Begin at the line below that holds "SHANDIAN - Zapatos BOA gore deportiva niños" and end at the line that holds "Trakai Island Castle", transcribing each line exactly and skipping any picture.

# Data under study
^^^^^^^^^^^^^^^^
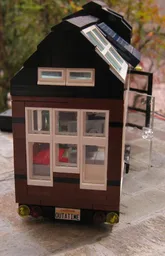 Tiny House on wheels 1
^^^^^^^^^^^^^^^^
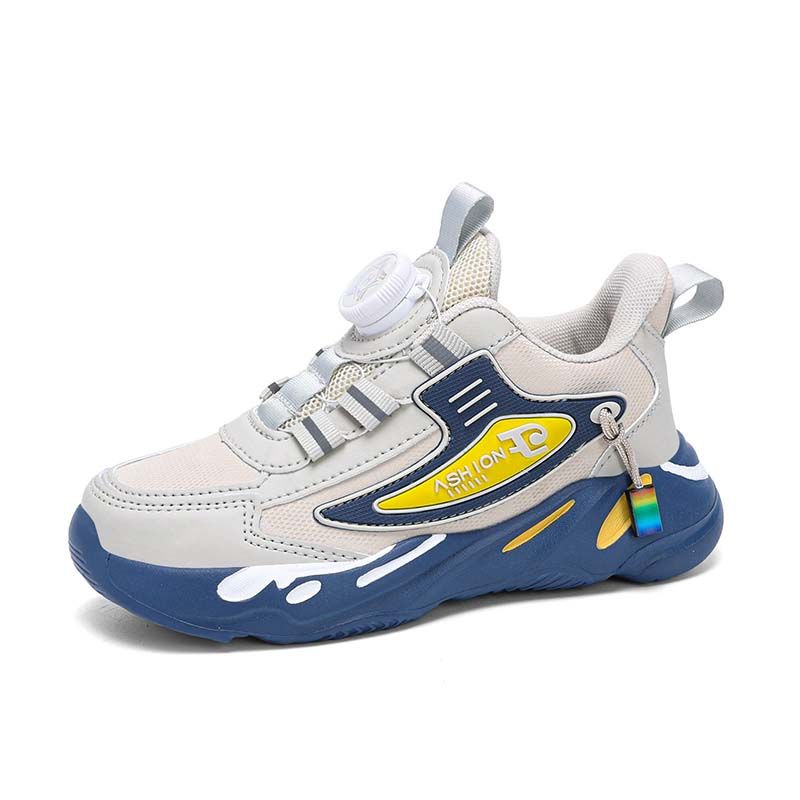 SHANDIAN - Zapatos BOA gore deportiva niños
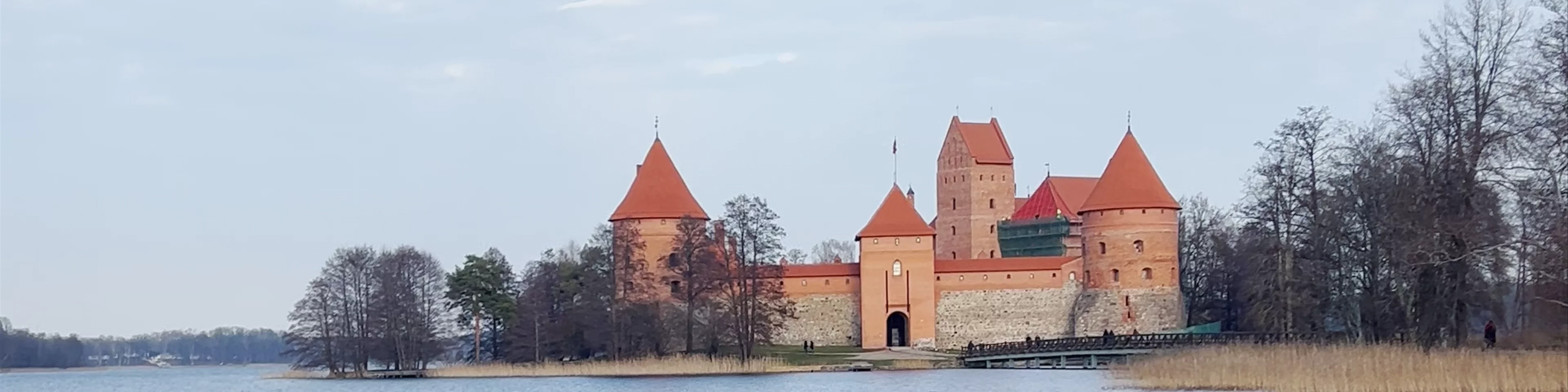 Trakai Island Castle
^^^^^^^^^^^^^^^^
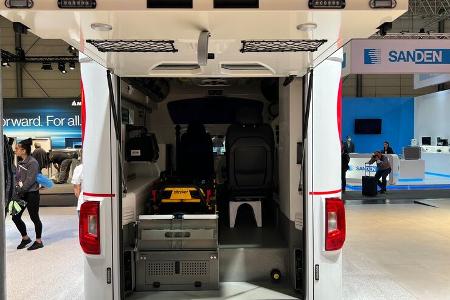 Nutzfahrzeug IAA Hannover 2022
^^^^^^^^^^^^^^^^
# Written reply
 SHANDIAN - Zapatos BOA gore deportiva niños
 Trakai Island Castle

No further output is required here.